**Problem to work on**
After locating the line with "Sobrado com 3" below, output it and each following line exactly, stopping after the line with "IP55 Air Conditioner". No pictures.

**Given data**
◆ ◆ ◆ ◆
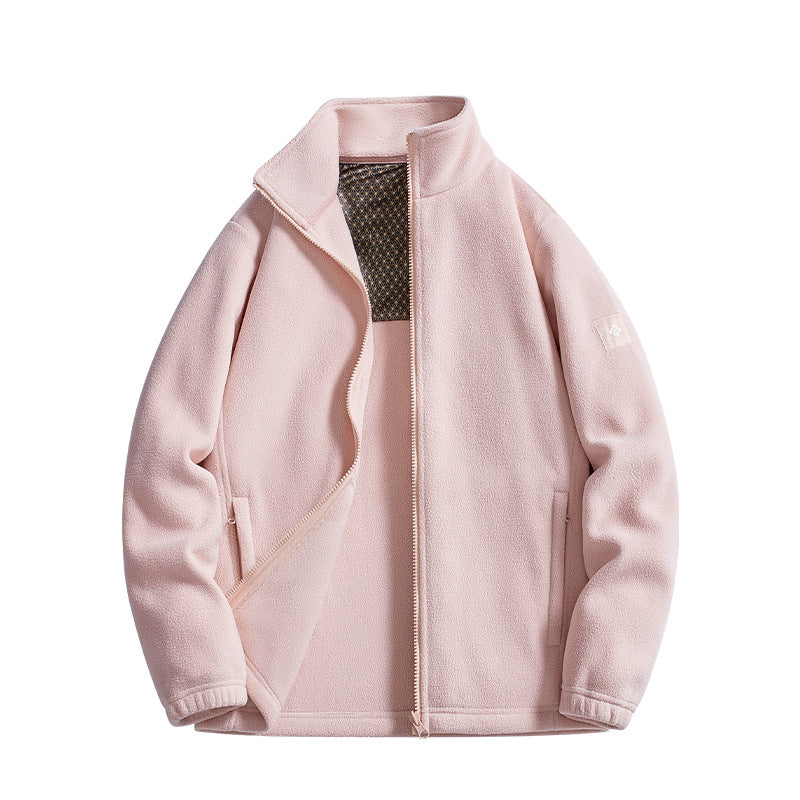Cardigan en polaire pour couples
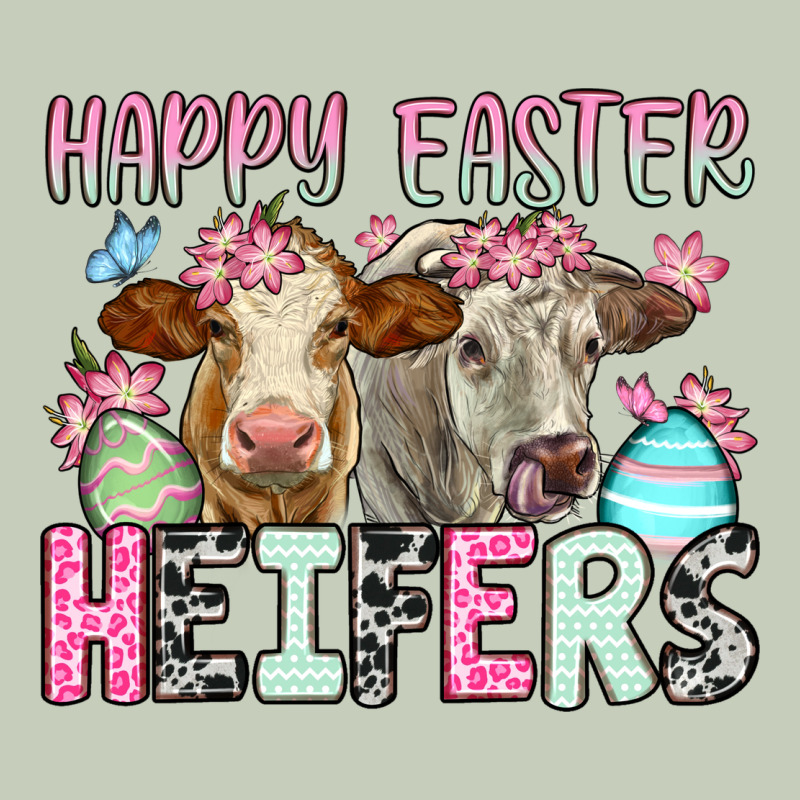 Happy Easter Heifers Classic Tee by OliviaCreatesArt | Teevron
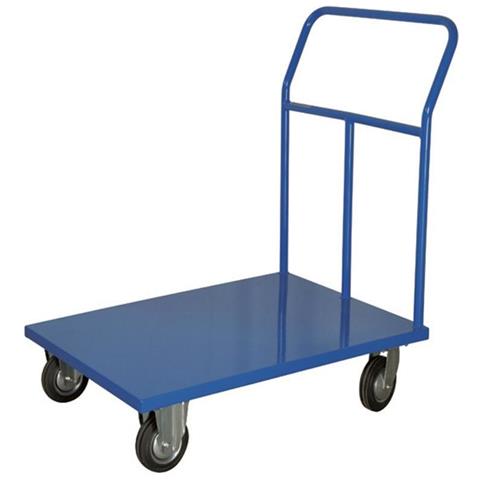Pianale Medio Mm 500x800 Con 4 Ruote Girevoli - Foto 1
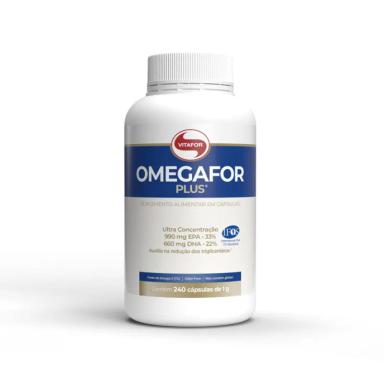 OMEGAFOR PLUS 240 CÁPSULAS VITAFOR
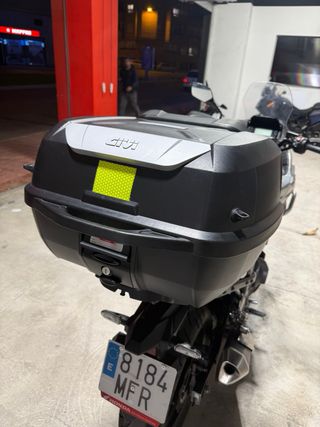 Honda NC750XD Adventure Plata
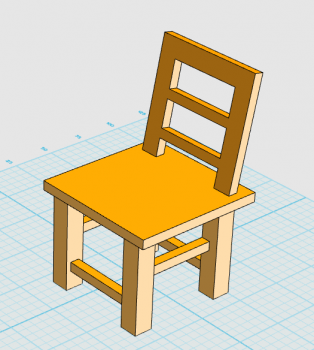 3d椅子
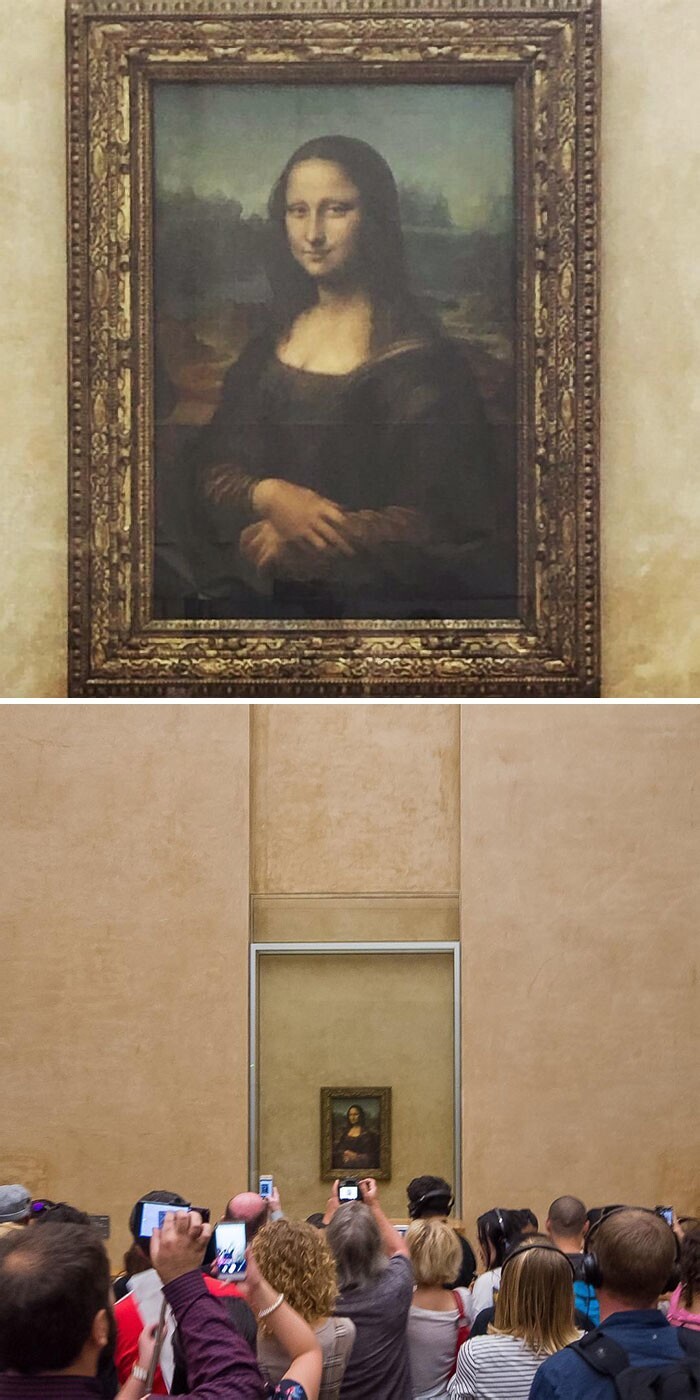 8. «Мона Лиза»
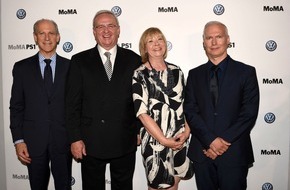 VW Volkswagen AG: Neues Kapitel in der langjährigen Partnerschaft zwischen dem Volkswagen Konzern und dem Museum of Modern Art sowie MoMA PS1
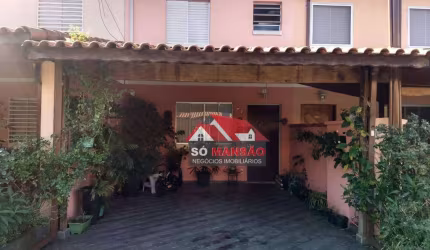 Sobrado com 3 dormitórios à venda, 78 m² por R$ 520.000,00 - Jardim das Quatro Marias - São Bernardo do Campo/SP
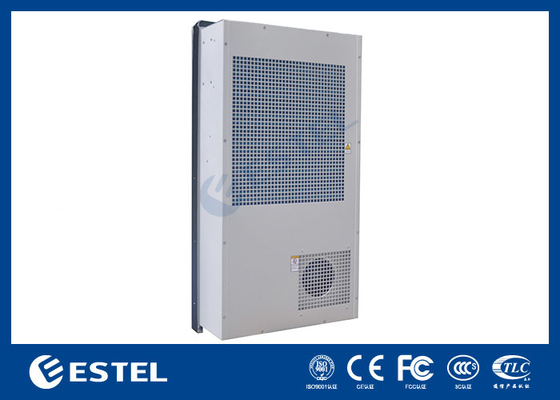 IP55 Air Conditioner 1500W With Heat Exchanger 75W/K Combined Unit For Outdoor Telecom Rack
◆ ◆ ◆ ◆
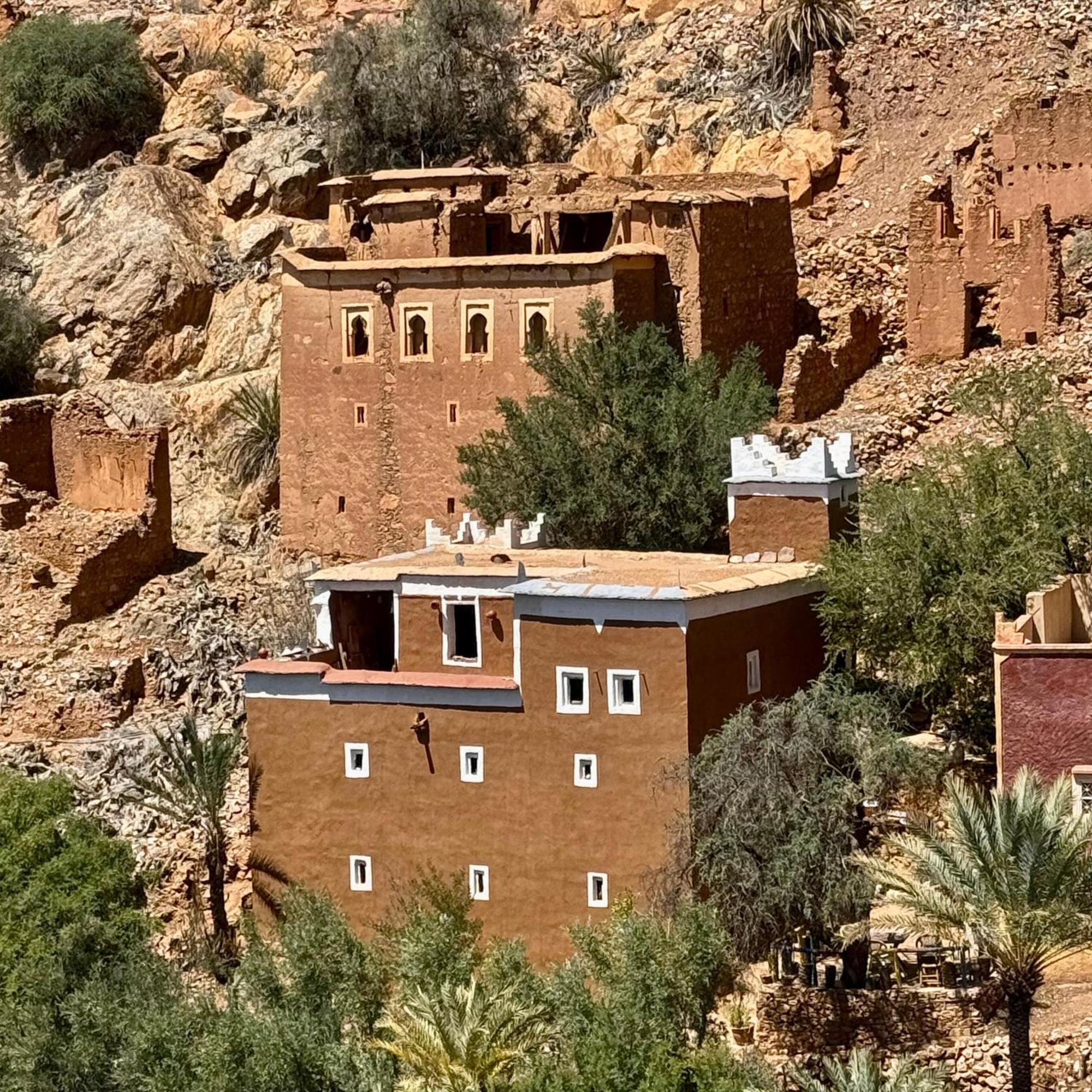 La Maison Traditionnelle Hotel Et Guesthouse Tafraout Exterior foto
◆ ◆ ◆ ◆
**Solution for this problem**
 Sobrado com 3 dormitórios à venda, 78 m² por R$ 520.000,00 - Jardim das Quatro Marias - São Bernardo do Campo/SP
 IP55 Air Conditioner 1500W With Heat Exchanger 75W/K Combined Unit For Outdoor Telecom Rack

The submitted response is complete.